Melendez-Diaz
UPDATE: As of January 12, 2010, the Virginia Court of Appeals has followed the Virginia Supreme Court's ruling in Briscoe that the defendant must subpoena a lab analyst to Court to testify to satisfy the newly enacted statutory scheme in response to Melendez-Diaz. To view the entire opinion of Farmer v. Commonwealth click here.
Scientific evidence is not infallible and lab analysts make mistakes. In the summer of 2009 Justice Scalia, on behalf of the U.S. Supreme Court, penned the opinion styled Melendez-Diaz v. Massachusetts, 557 U.S. ____ (2009). In its opinion the Supreme Court extended every criminal defendant’s Constitutional right to confront the witnesses against him. Specifically the Court guaranteed the defendant’s right to question and examine, in court, lab analysts and their conclusions regarding forensic evidence. In the past, lab analysts were to merely submit an affidavit of their findings and the court would enter that affidavit into evidence as conclusive proof of its content and conclusions. In Virginia today however, as a result of Melendez-Diaz each defendant now has the right, in drug and DUI cases, to demand that an analyst be present in court. This means that during the trial the defendant’s attorney may examine and expose the lab analyst’s faulty conclusions regarding forensic evidence. Boone Beale’s attorneys makes full use of the opinion in Melendez-Diaz to create the most just and desirable result for clients.

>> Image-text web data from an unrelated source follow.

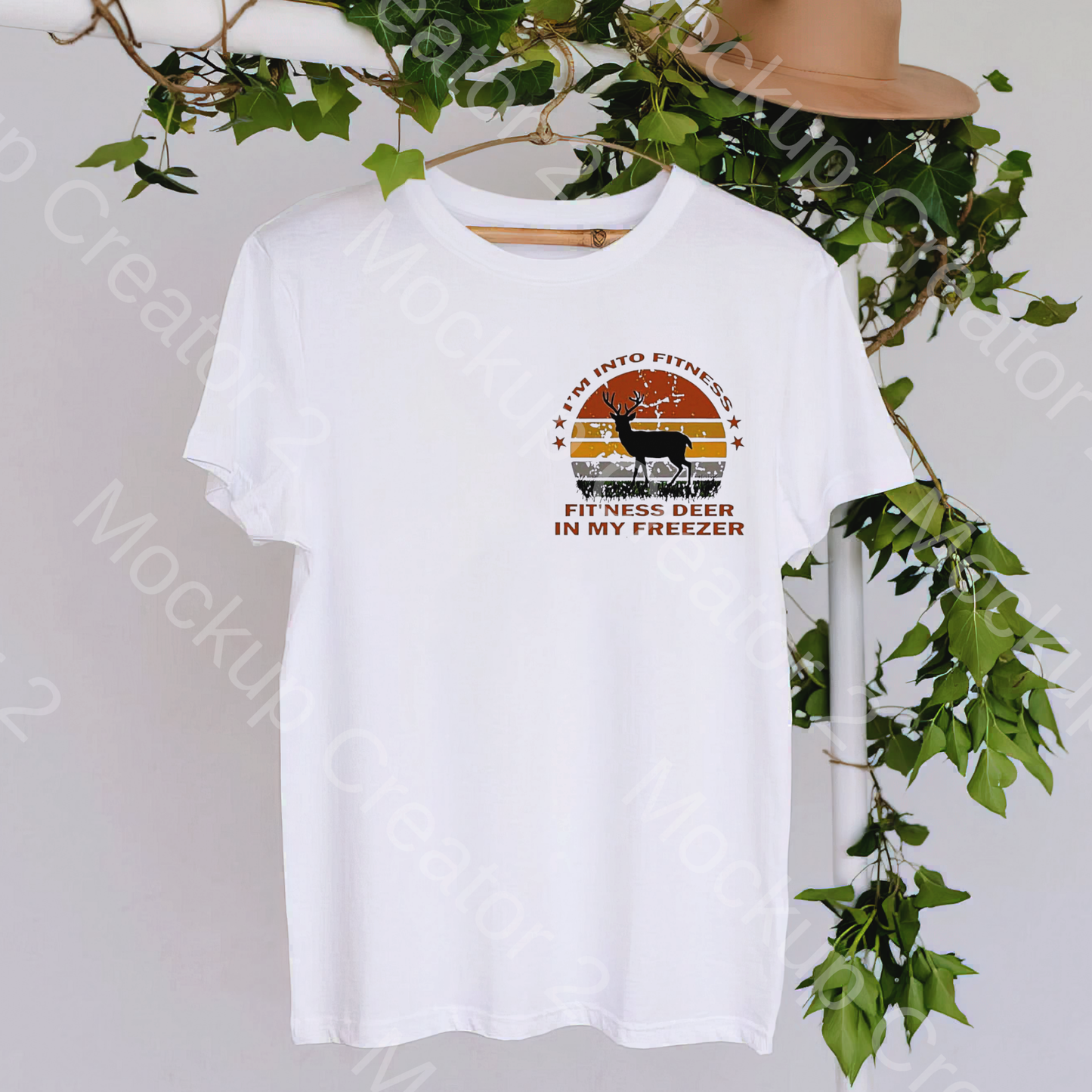 Fitness Tshirt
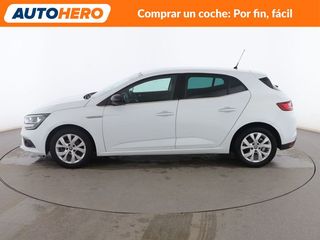 Renault Megane 1.3 TCe Limited
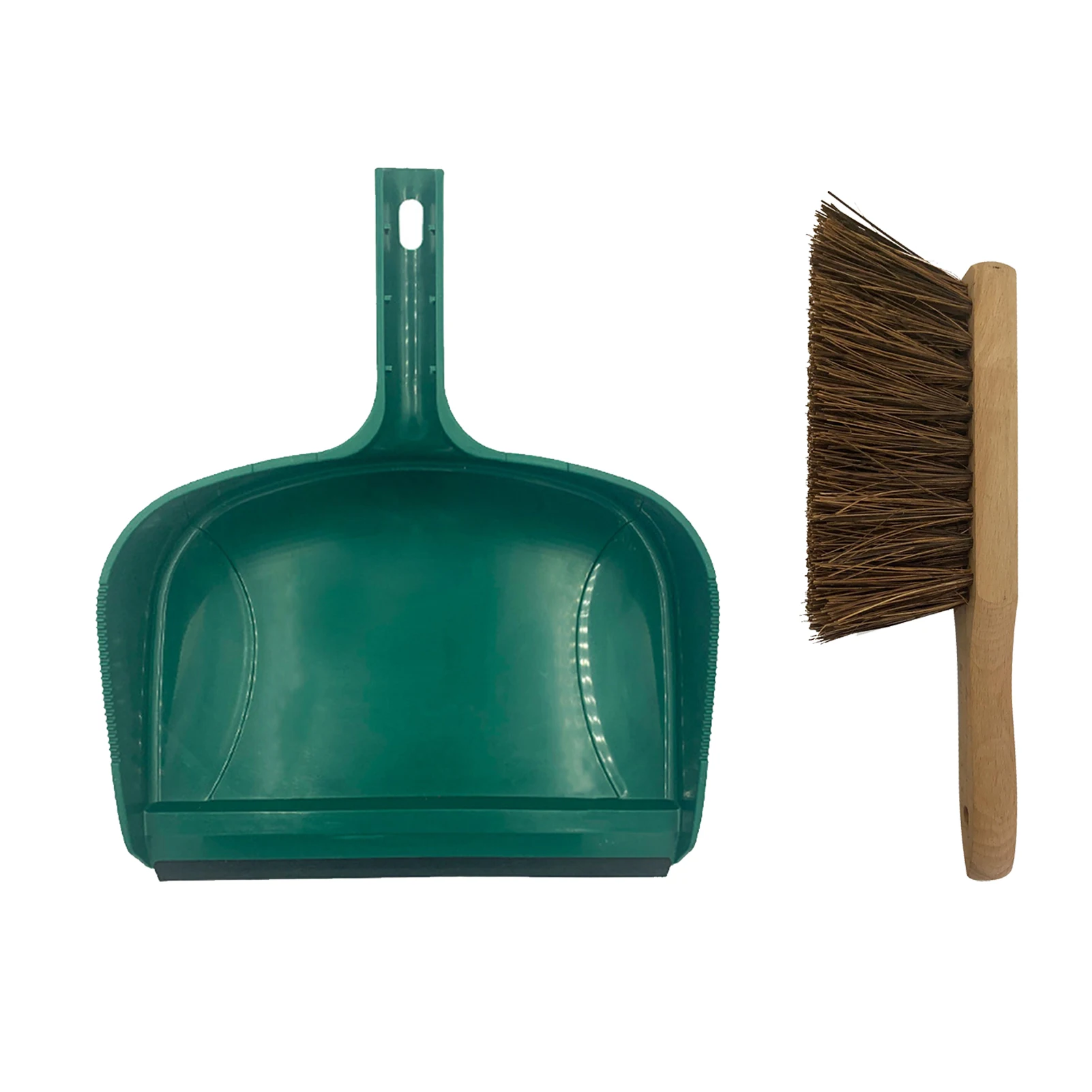 Garden Dustpan And Brush Set High-quality Shovel Pan Tool Can Be Hanging Desk 2021 New Fashion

As Justice Scalia prudently put it, “Confrontation is designed to weed out not only the fraudulent analyst, but the incompetent one as well. Serious deficiencies have been found in the forensic evidence used in criminal trials.” Boone Beale exists to protect your right to confrontation as well as every other Constitutional right inalienably yours when you step into the courtroom.
Unfortunately, less than one year after the passage of this landmark Supreme Court opinion, the same court has accepted to hear argument in the case of Briscoe v. Virginia. It appears that the four justices who dissented from the majority opinion in Melendez-Diaz have agreed to hear argument in Briscoe in an attempt to limit the impact Melendez-Diaz has had. A transcript of oral arguments before the Supreme Court on January 11, 2010 can be found here.
We certainly hope that the Court will not limit this landmark decision, but our fears are that they will start to take away some of the protections that we believe would have come about as a result of this historic case.